I like illustrative examples; specific actions that can symbolize an entire….administration, or decade, or era, or an individuals temperament, for example. Here is good example of what I’m talking about regarding President Obama’s Syrian dilemma. In 2012:
“Obama did ask his military and intelligence chiefs to come up with plans to speed history along, and in the summer of 2012, CIA Director David Petraeus laid out a scheme to arm a group of “moderate” Syrian rebels. The plan, which Petraeus had formulated with Saudi Prince Bandar bin Sultan and a few other Arab security chiefs, called for shipping small arms, mainly rifles, to a small, select group of the Syrian opposition. …The plan had the backing of Secretary of State Hillary Clinton, Secretary of Defense Leon Panetta, and the Joints Chiefs of Staff. But the president rejected it.
“This was not a winning argument with Obama: he was looking for something that had a chance of succeeding in the near term, and he did not want skin in a game played in the quagmire of a sectarian civil war.
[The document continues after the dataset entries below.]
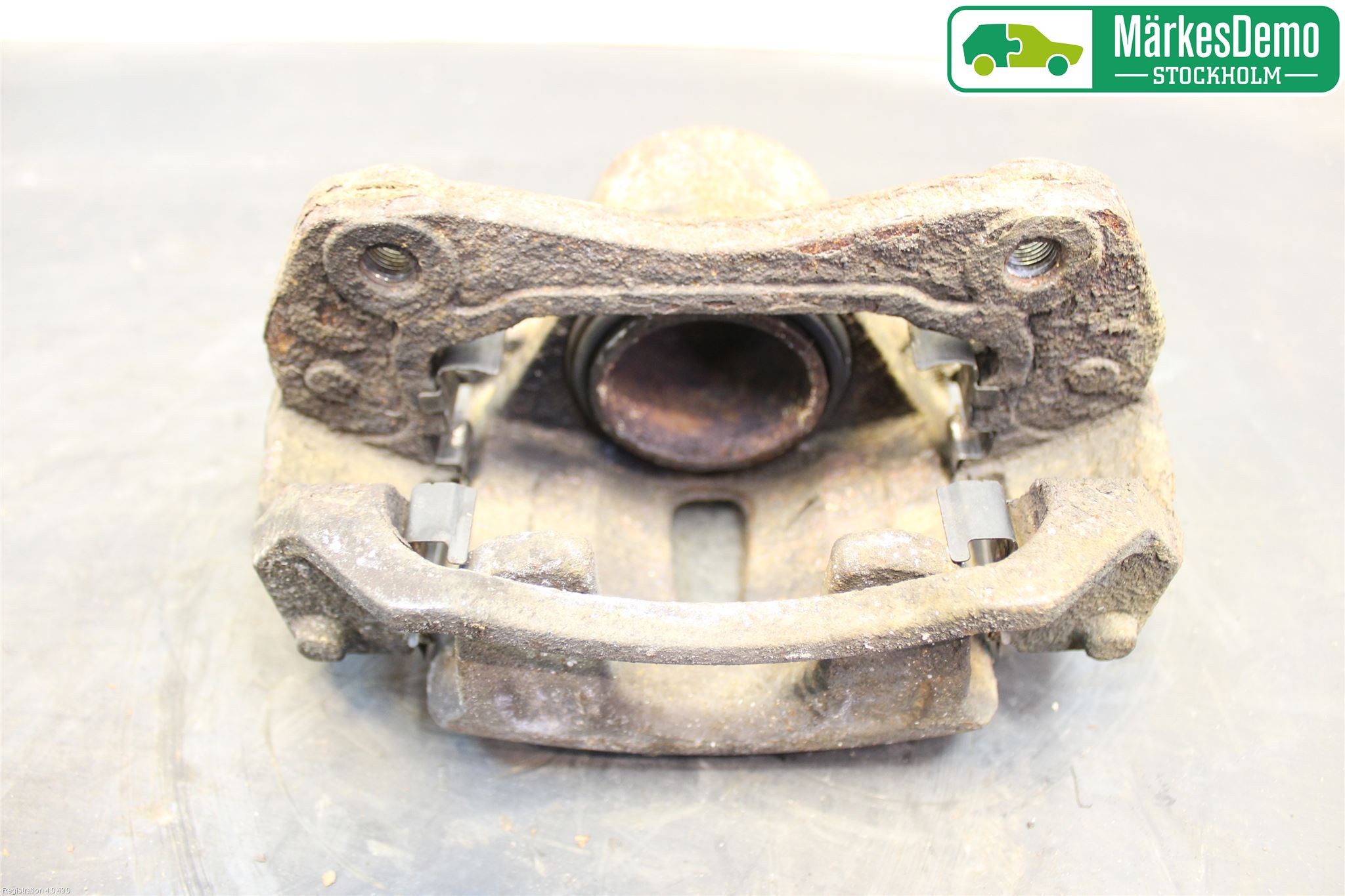 Kia CEED 06-12 Bromsok Fram Höger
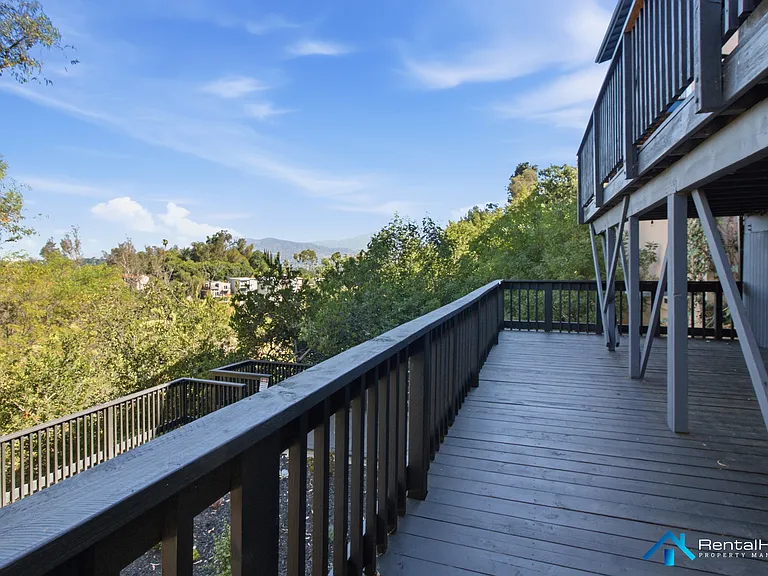 2433 Hines Dr — Photo 19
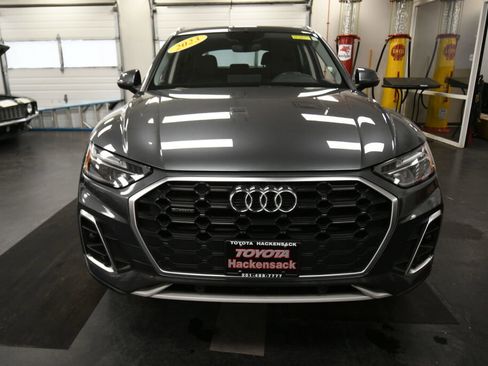 Used 2023 Audi Q5 2.0T Premium w/ Convenience Package AWD/4WD image 3
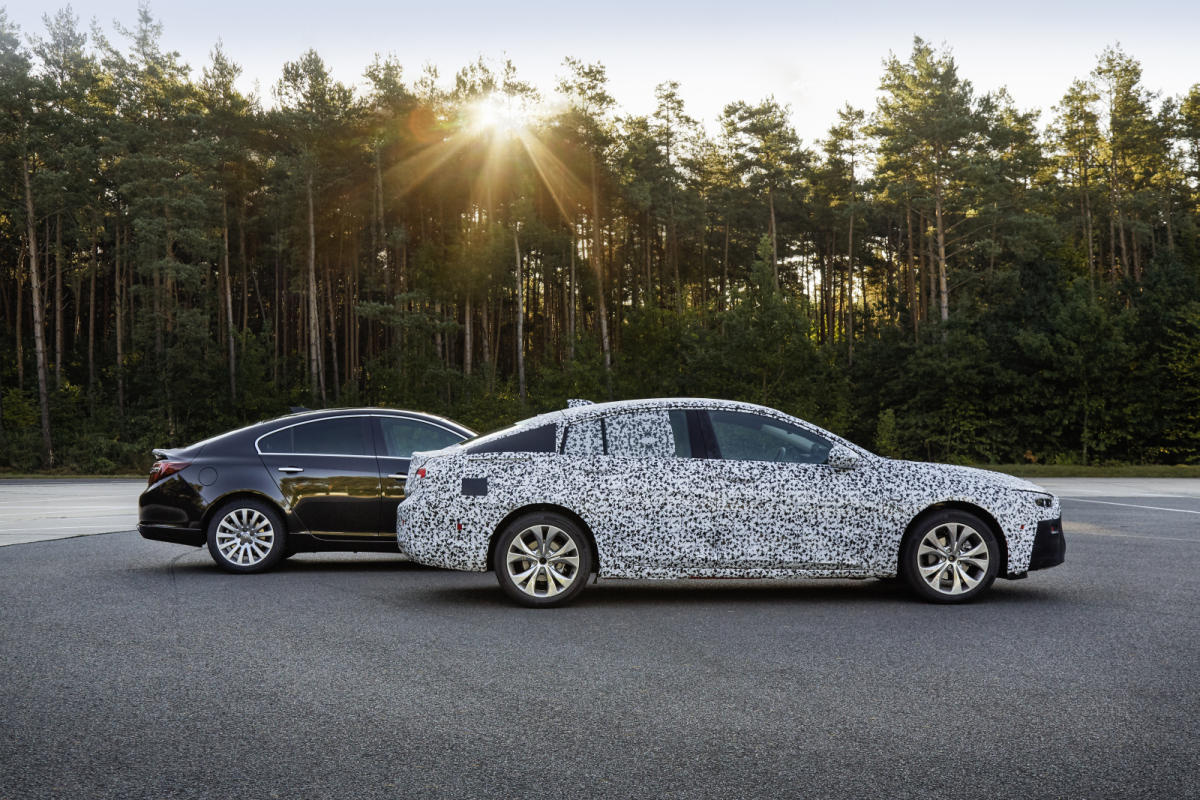 Opel Insignia Grand Sport foto espía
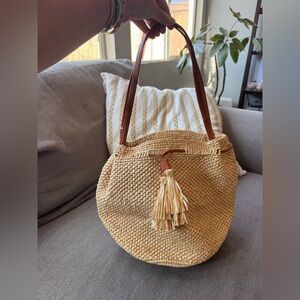 MAR Y SOL RAFFIA BUCKET BAG NWOT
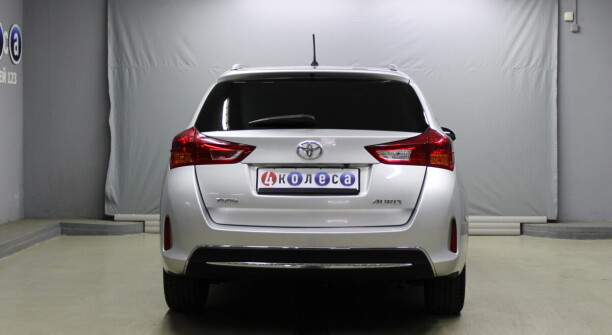 Toyota Auris II (E180), 2014 г.
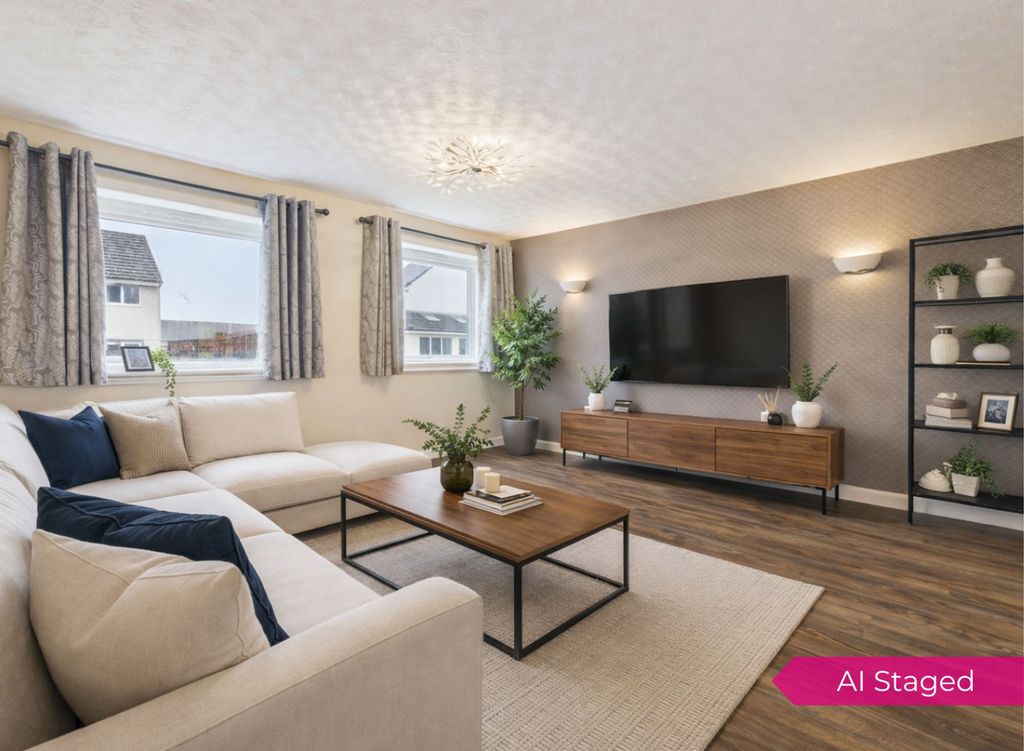 Property photo 2 of 44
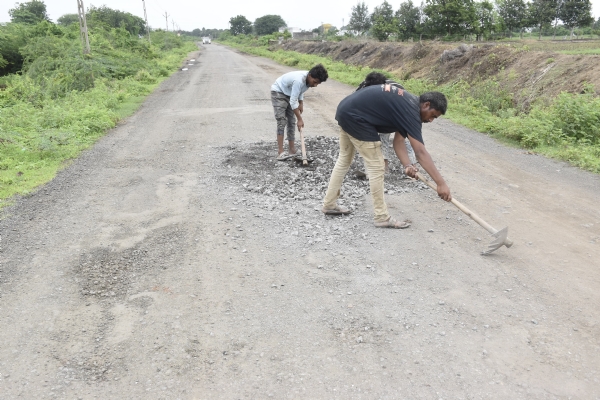 રોડમાં મેટલ પેચ ની કામગીરી પ્રગતિ હેઠળ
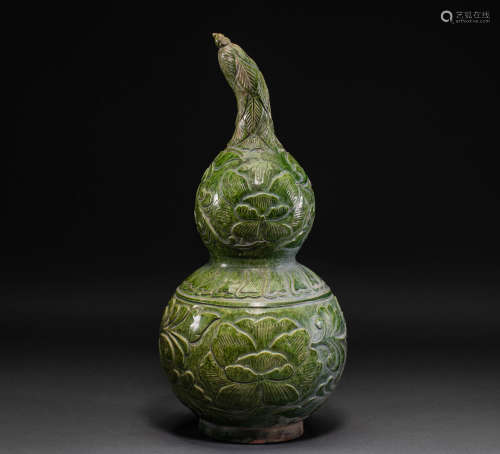 Chinese green glaze gourd bottle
While Petraeus was working up the plan, Obama asked the CIA to produce a paper on how often in the past U.S. arms had succeeded in helping rebels oust hostile governments. The answer: not very often. That sealed the case.”
Fred Kaplan, in an well-written essay of Obama’s foreign policy dichotomy between theory and practice, mentions that Obama was worried that this would also drag Iran more into the mix. Kaplan argues that Obama’s preferred tools were – “words, logic, persistent questions, and sequential problem solving.” In a world like this one: good luck, Mr. President.
In 2014:
“In any case, two years later, Obama approved a similar plan. However, when the American-backed rebels started racking up victories on the battlefield and appeared to be closing in on Assad, Obama’s prediction of what would happen next came true: the Iranians redoubled their support for Assad, sending Quds Force soldiers to fight the rebels. And Russian President Vladimir Putin, fearing the loss of Moscow’s sole outpost outside the former Soviet Union, sent tanks, planes, and missiles to support the Syrian army.”
Obama’s foreign policy motto could be: In any case.
This isn’t an attack on President Obama, by the way, more of an assessment on the difficulties of making decisions in an anarchic world. It has been repeated, like a mantra, that in politics, your choices are all horrible. This also illustrates the outsider/insider bias/dichotomy. Outside and without any power, it’s easy to condemn and to say you would have done X over Y if you were in power. Inside: you must make a decision based on imperfect information and the possible black swans, or simple spillover effects, are unknown.